Requiem tells the same story that The Exorcism of Emily Rose does, but in a very different way. It focuses on Michaela’s strict upbringing and how it clashes with her new life in college. The audience is never privy to what she sees and hears. There are no creepy parts with flashes of demon’s faces and we never hear the demons speak to her. Her pain and her suffering are her own, just like it must have been in real life. Requiem is a very subtle and slow film, and most will call it art house fare.

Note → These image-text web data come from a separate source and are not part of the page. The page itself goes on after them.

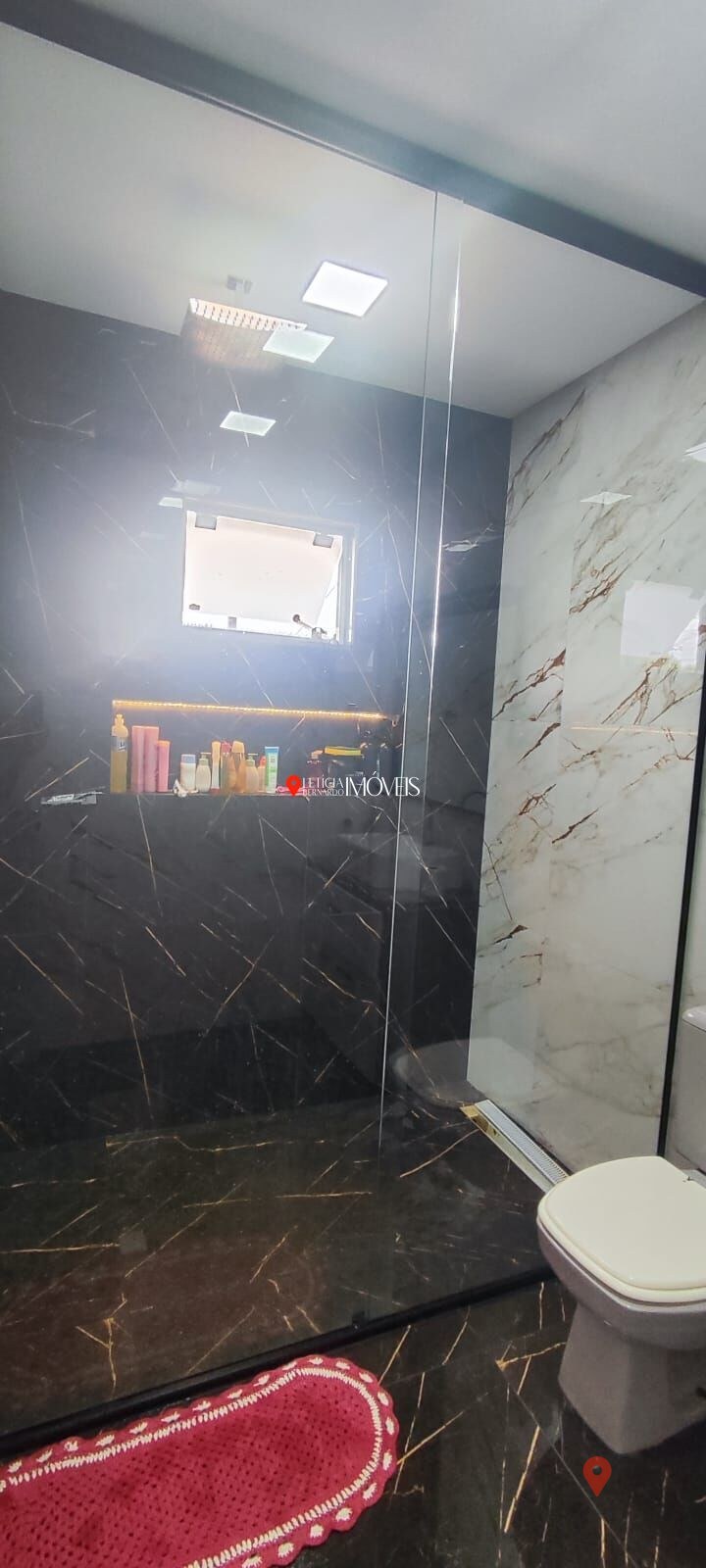 Casa Moderna à Venda em Balneário Pinhal! — foto 12
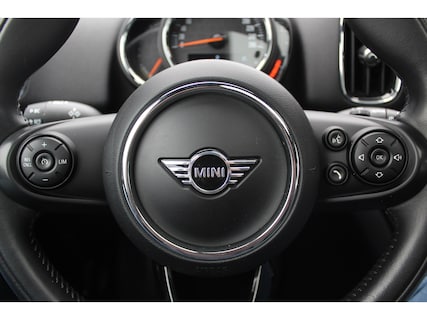 MINI-Countryman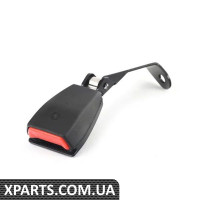 72117007747 BMW НИЖНІЙ РЕМІНЬ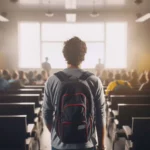 La Importancia de Tomar un Curso Preuniversitario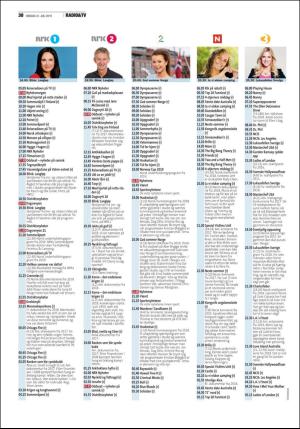 fremtiden-20190731_000_00_00_030.pdf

The cinematography (by Bogumil Godfrejow) is beautiful and has a very austere, naturalistic look to it. There are many shots of the patchwork fields of the countryside, as well as gardens and trees. Yet, there is a pallor to everything that gives the film a very cold, detached feeling. There is a distance between the subject being shot and the viewer, done purposefully by director Hans-Christian Schmid to portray the story objectively and unobtrusively.

The acting is extremely well-done, with special mention going to Sandra Huller who plays Michaela with a vast emotional depth. Her transformation from devout Catholic to college student and finally to possessed woman is so subtle you might not even realize it has happened until she is spewing obscenities and breaking her mother’s china. Huller portrays both Michaela’s strong faith and vulnerability with great realism and believability.

This is a very slow-moving film that does not deliver the scares or creeps that The Exorcism of Emily Rose delivers. I do not even consider it a horror film, but instead think of it more as a character-driven drama. Many people will be turned off by its slow pace and lack of payoff at the end. I was initially disappointed that the end didn’t deliver the punch I was looking for, but I realized that this film isn’t about shocking the audience. It is about portraying the life of a girl that ended up possessed or insane. Her life and her transformation leading to the exorcism is what this film focuses on, not the demons or the exorcism itself.

I cannot easily recommend this film to the horror crowd, as it is so slow-moving and doesn’t seem to go anywhere. Heck, even I was bored watching it and almost fell asleep. Yet, it stuck in my head after I had watched it and it is a very well-done film. If you enjoy dramatic artsy films that are heavily character-focused, this is bleak German film is worth checking out. If you are looking for a fast-paced, blood-drenched, nudity-filled exorcism flick, definitely skip this one.